Le Spiritisme est essentiellement le porte-parole du monde invisible. Il se fait l'écho des Esprits qui peuplent l'au-delà, c'est-à-dire nos amis, proches, parents et inconnus, qu'ils soient heureux ou malheureux, proches de la divinité ou éloignés d'elle. Peuple qui affirme à chacun d'entre nous la survivance de l'âme après la mort du corps physique. Il dit encore que nous pouvons être consolés du départ de nos défunts parce que nous les retrouverons à la fin de notre existence terrestre. Ceux-là n'ont pas été engloutis dans le néant de l'oubli. Ils ont au contraire survécu à leur mort et ils nous le confirment, nous le prouvent par leur présence affectueuse et leurs actions réfléchies à nos côtés. Les Esprits, après l'avoir déjà fait de si nombreuses fois auprès de si nombreux interlocuteurs partout dans le monde, répètent enfin ce qu'ils ont à dire sur eux, sur nous, sur nos relations et nos intérêts communs ; ils disent ce qu'ils savent en fonction de leur compréhension des êtres, des choses et des lois de l'univers.

Le spirite est celui qui, recevant et étudiant le témoignage des Esprits, en fait une sorte de profession de foi. Bien entendu, il sait qu'il est un être en évolution et, en fonction de ses possibilités, il désire ardemment appliquer sur terre la philosophie des Esprits, inspirée de Dieu, qui n'est jamais qu'une prise de conscience. Celle-ci résume d'une certaine façon tout ce qu'il y a de plus beau dans les religions de notre monde. Il faut toutefois comprendre que les œuvres humaines, mêmes les plus belles, ne sont que de pâles copies de ce qu'il existe dans le monde invisible. Ainsi, par rapport aux religions, nées d'un prophète, le spirite trouve de la beauté dans l'énoncé, l'étude, la critique, la compréhension et la réalisation de grands principes révélés par les Esprits eux-mêmes, nombreux.
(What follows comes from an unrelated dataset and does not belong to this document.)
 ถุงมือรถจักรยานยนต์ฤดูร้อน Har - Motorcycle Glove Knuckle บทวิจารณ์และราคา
L'individu spirite est ainsi convaincu de la survivance de l'âme après la mort, du principe de réincarnation selon lequel l'âme suit un parcours évolutif l'amenant à expérimenter de multiples fois la vie dans un corps de chair, de la pluralité des mondes (l'univers est peuplé de nombreuses planètes habitées), d'un principe universel d'évolution constante qui pousse donc au progrès, de la possibilité pour les Esprits de se communiquer aux êtres en chair, lesquels sont tous liés par un principe universel que l'on nomme communément l'amour, de l'intérêt de la prière qui produit des énergies utiles et participe de la foi, et, enfin, de l'existence d'un principe universel fondateur et directeur appelé communément Dieu (quoi qu'il soit), puisqu'il faut bien le désigner. Tel est son crédo.

Sur Terre, le spirite est ainsi un individu plongé dans un monde difficile avec une vue sur un monde très différent.
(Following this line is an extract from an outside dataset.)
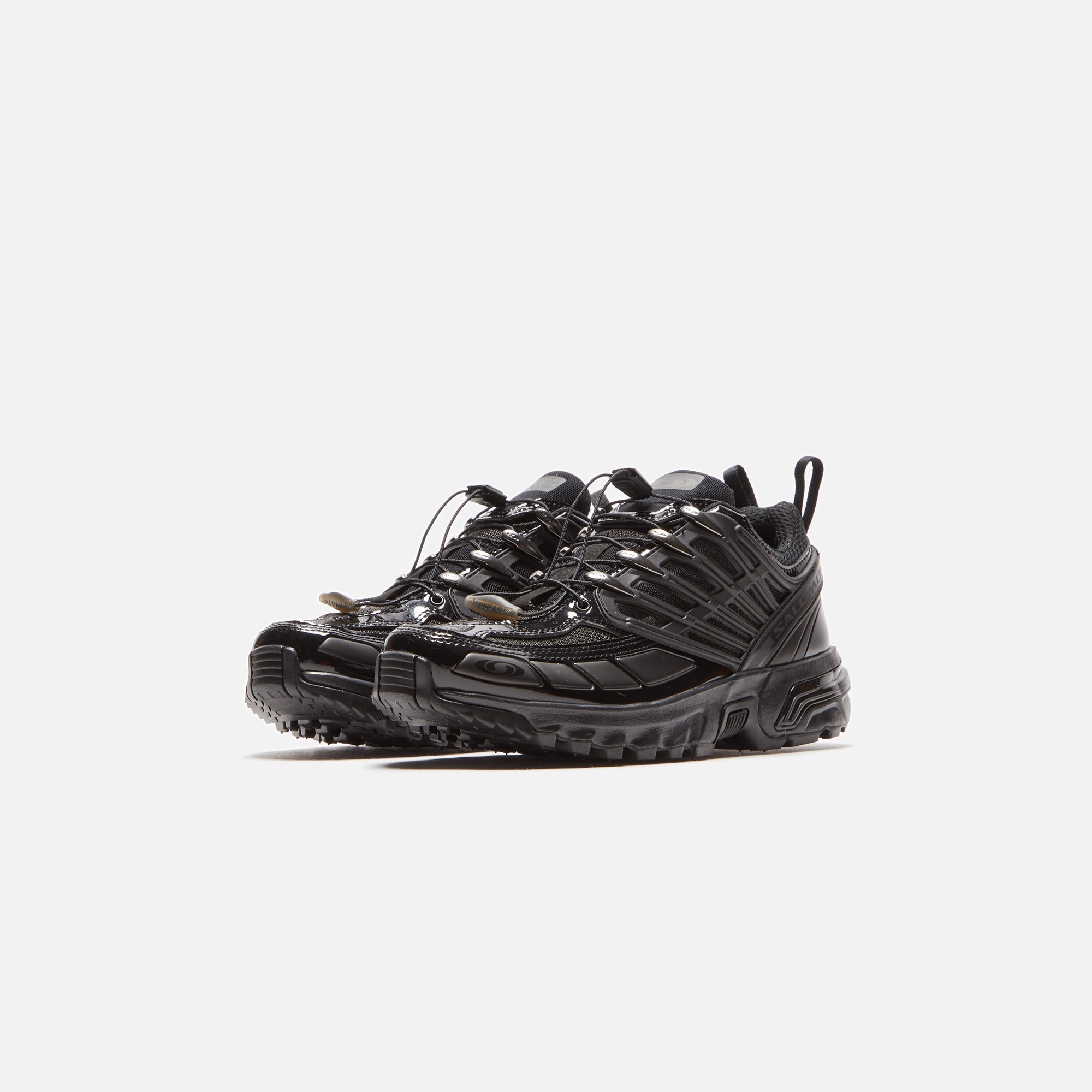 Оригінальна X Salomon Acs Pro Black Maison margiela – вид ззаду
Lorsque le spirite est également médium, ce qui n'est d'ailleurs nullement obligatoire, il peut offrir une forme d'aide appréciable basée sur l'étude des faits et secondée par ses perceptions médianimiques. Il peut ainsi tenter de mêler aux faits spirites, c'est-à-dire ceux qu'il lui est possible d'expliquer raisonnablement, une spiritualité saine et dégagée de l'influence humaine, encouragée par le peuple de l'au-delà lui-même. Cette spiritualité venant éclairer les religions établies et non les substituer.
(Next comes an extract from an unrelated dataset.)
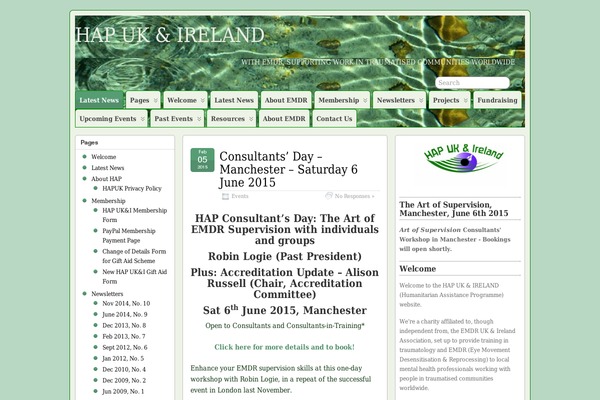 Suffusion theme site design template sample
Ainsi, morts et vivants, pour autant qu'il est possible de les qualifier comme tels, très étroitement liés mais souvent dans l'ignorance de leur cohabitation, peuvent depuis toujours entretenir les relations d'amour et de confiance qui faisaient le ciment de leur coexistence. Et les premiers peuvent préparer les seconds à les rejoindre dans les meilleures conditions. Ils parviennent à démystifier la Mort qui apparaît désormais comme un concept dépassé. Bientôt, on devra inventer un nouveau terme.